All lines from the one containing "일본 의류 일본 나막신 백 세트" to the end of the listing below should be output exactly; omit the pictures.

**Given data:**
--

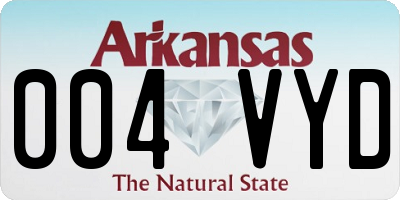 AR license plate 004VYD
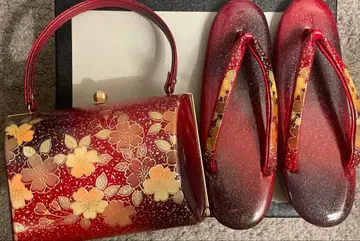 일본 의류 일본 나막신 백 세트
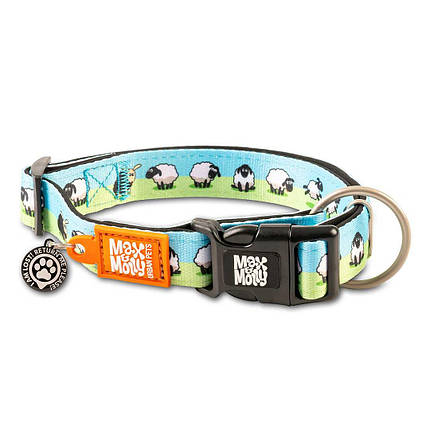 Max & Molly Smart ID Collar Black Sheep/S - Нашийник Smart ID з принтом Чорна вівця, фото 1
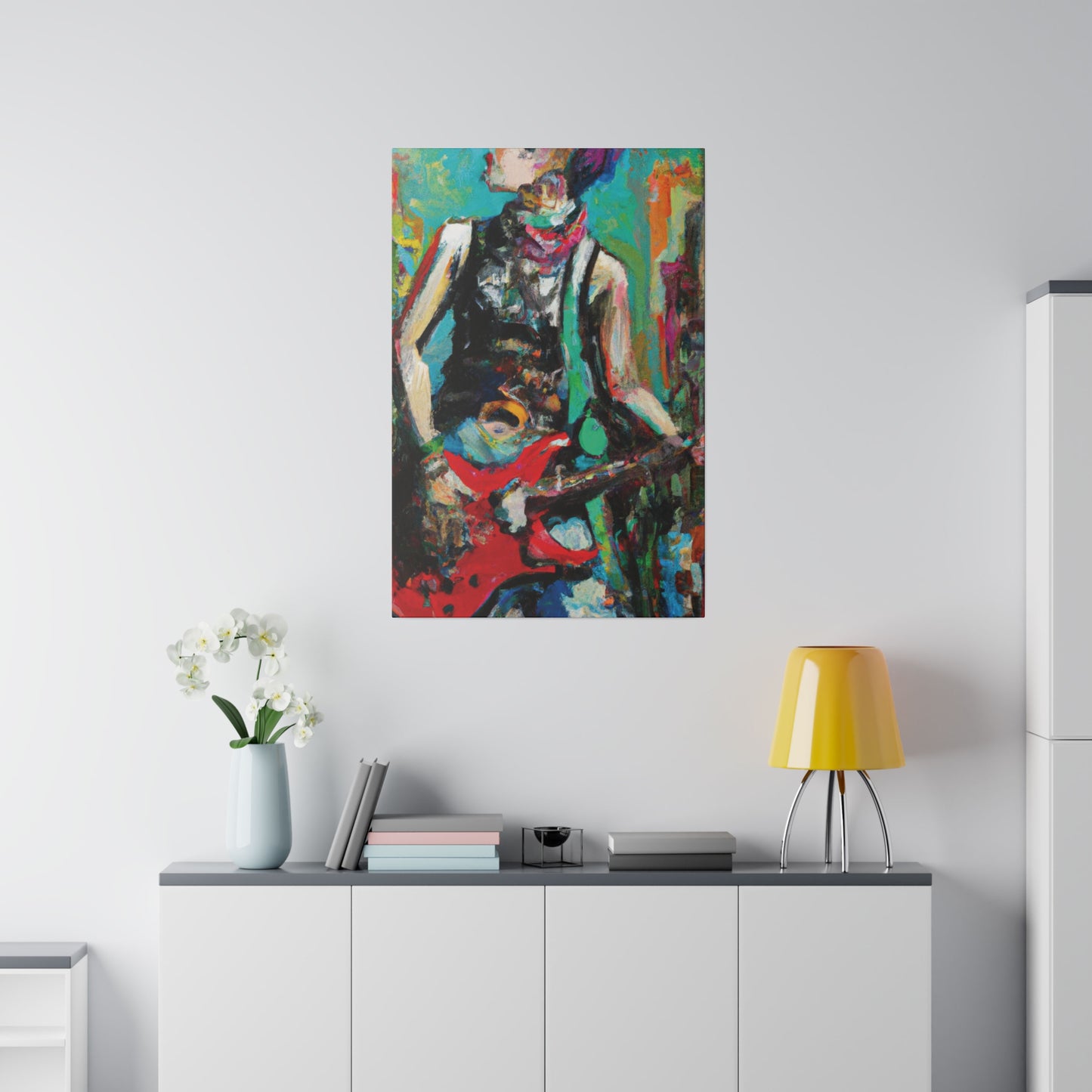 9287Z - Rockstar Oil Painting Style Print | Poster | Home Decor | Wall Art | Music Art | Canvas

--

**Answer section:**
 일본 의류 일본 나막신 백 세트
 Max & Molly Smart ID Collar Black Sheep/S - Нашийник Smart ID з принтом Чорна вівця, фото 1
 9287Z - Rockstar Oil Painting Style Print | Poster | Home Decor | Wall Art | Music Art | Canvas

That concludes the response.